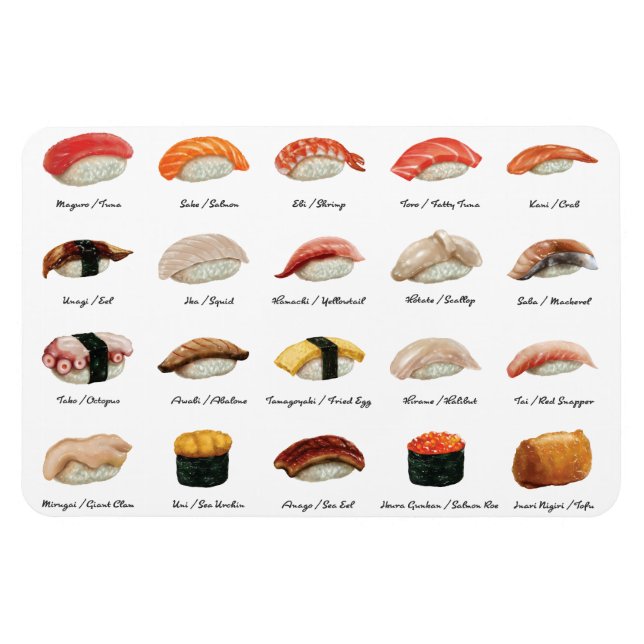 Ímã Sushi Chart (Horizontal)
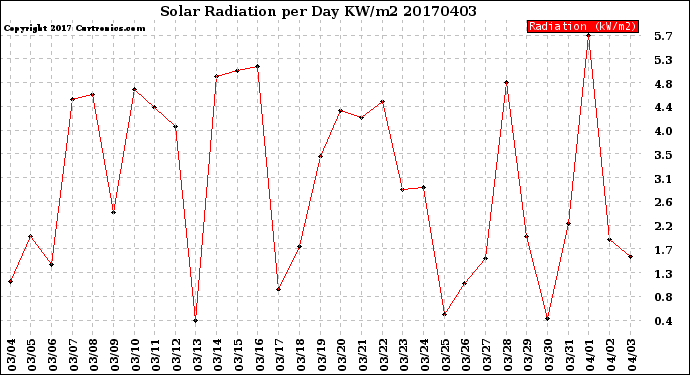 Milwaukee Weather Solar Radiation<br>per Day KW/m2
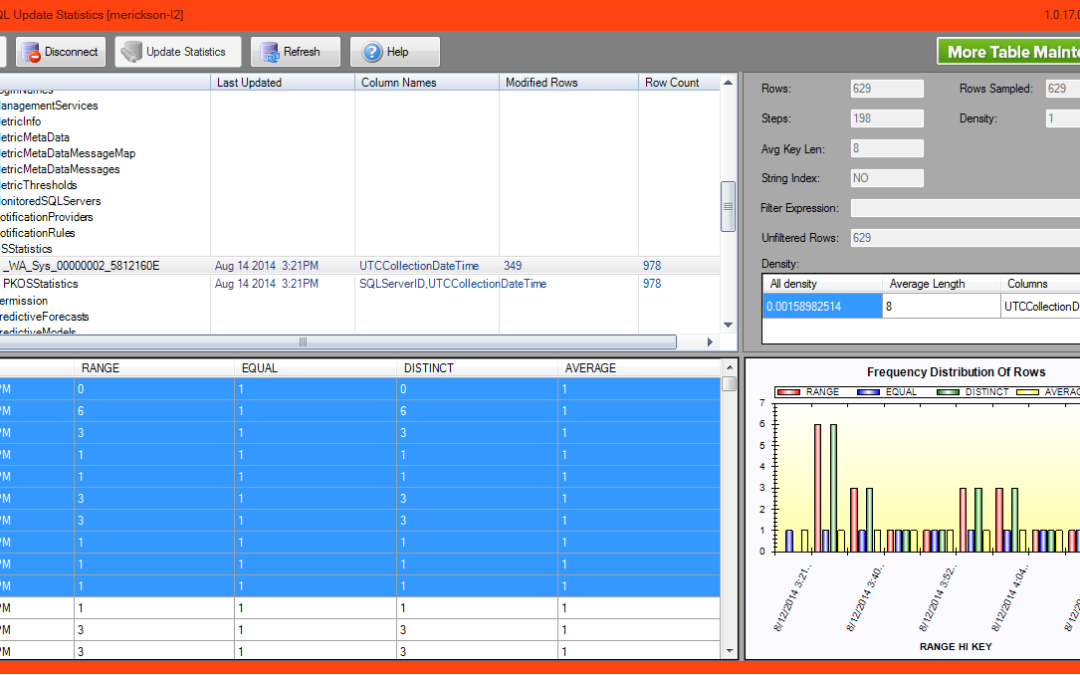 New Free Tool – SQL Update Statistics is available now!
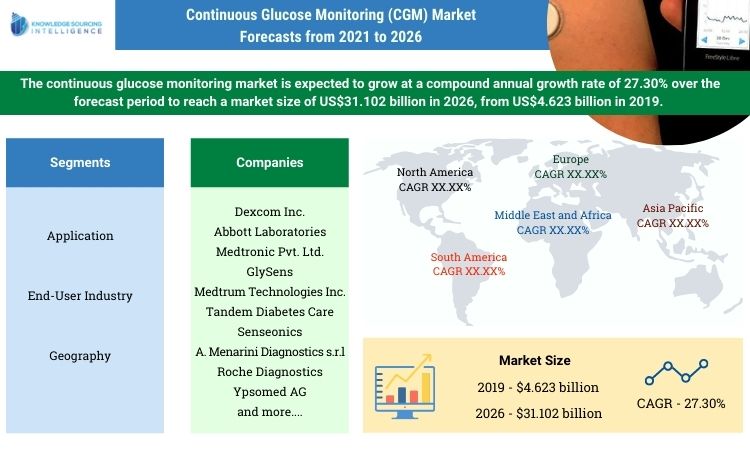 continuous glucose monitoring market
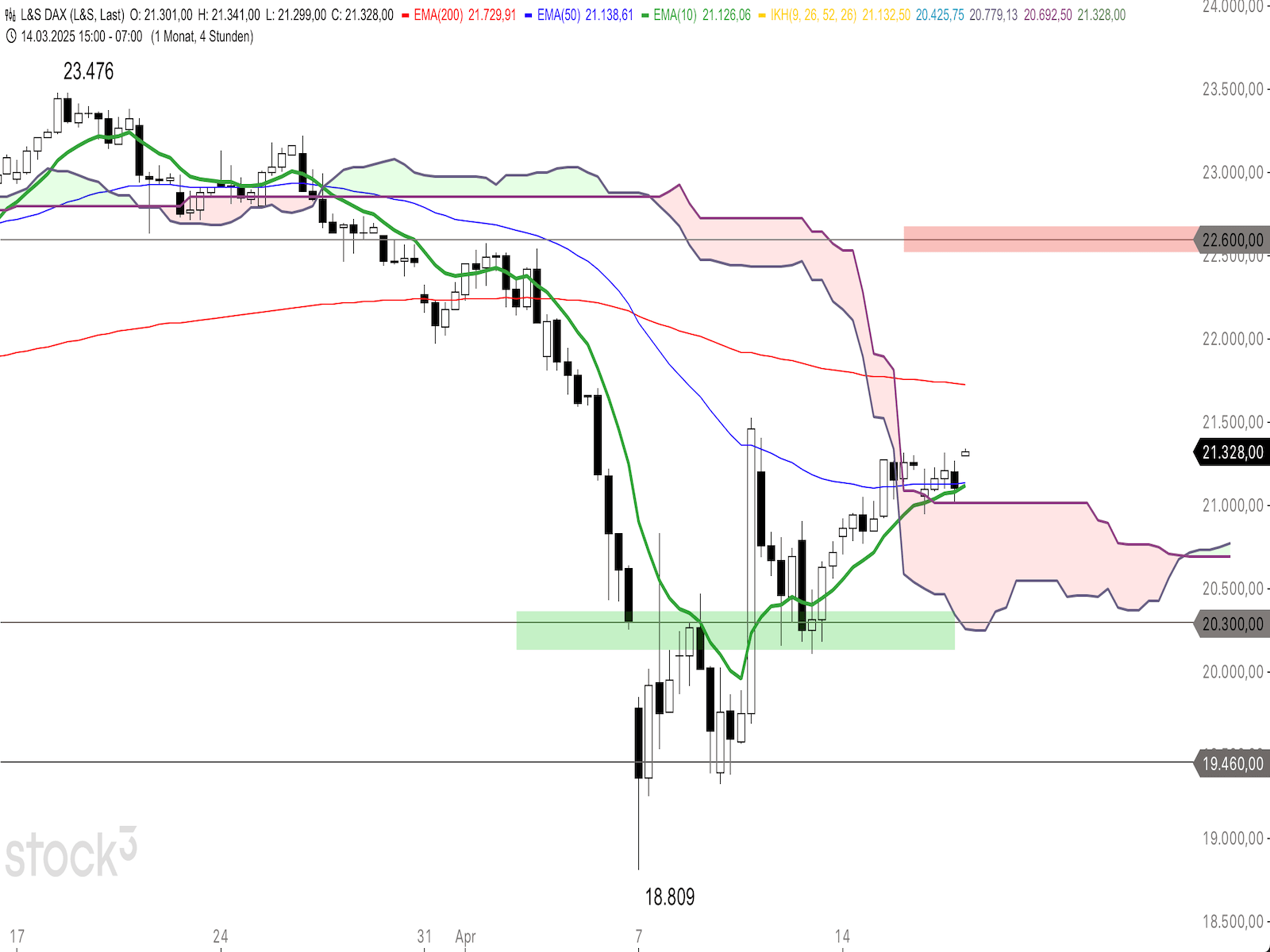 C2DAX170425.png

» Work instruction: Pictures aside, retype the material exactly.

» Answer to this exercise:
 Ímã Sushi Chart (Horizontal)
 Milwaukee Weather Solar Radiation<br>per Day KW/m2
 New Free Tool – SQL Update Statistics is available now!
 continuous glucose monitoring market
 C2DAX170425.png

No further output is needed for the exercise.